Modern AI still struggles to understand the deeper structure of the world. It recognizes patterns, but it doesn’t grasp causes. It predicts outputs, but it doesn’t comprehend meaning. And nowhere is this more obvious—or more consequential—than in healthcare and human behavior.

That’s why the concept of Active Models exists: to build systems that don’t just process data, but truly understand what’s happening beneath it.

This idea sits at the intersection of three major lines of research and leadership in the field:

  • World Models
  • JEPA (Joint Embedding Predictive Architecture), championed by leaders like Yann Lecun
  • Multimodal, reasoning-capable systems, championed by leaders like Mira Murati

Together, they point toward a future where AI doesn’t just imitate intelligence — it participates in it.


The Problem: Our Current Models Don’t See the Whole Picture

Most AI systems today are sophisticated pattern recognizers.
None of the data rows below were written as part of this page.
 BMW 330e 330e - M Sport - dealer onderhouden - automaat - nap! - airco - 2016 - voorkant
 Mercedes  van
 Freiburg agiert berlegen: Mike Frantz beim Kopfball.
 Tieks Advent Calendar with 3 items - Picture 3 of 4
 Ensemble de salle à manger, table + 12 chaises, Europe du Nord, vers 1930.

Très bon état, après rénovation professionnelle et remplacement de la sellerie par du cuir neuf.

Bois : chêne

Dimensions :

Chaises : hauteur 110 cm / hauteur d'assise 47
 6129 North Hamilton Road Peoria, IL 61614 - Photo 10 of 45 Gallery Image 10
Useful, powerful, impressive — but fundamentally limited.

They struggle when:

  • context changes
  • information is missing
  • events fall outside the training distribution
  • understanding requires cause-and-effect reasoning

This is especially visible in healthcare.

The U.S. Surgeon General recently described loneliness as an epidemic — more damaging to long-term health than inactivity, obesity, or excessive drinking. And yet, for decades, loneliness wasn't seen, measured, or treated as a critical risk factor.

If our scientific models and our machine learning systems can miss something so important, what else are we overlooking?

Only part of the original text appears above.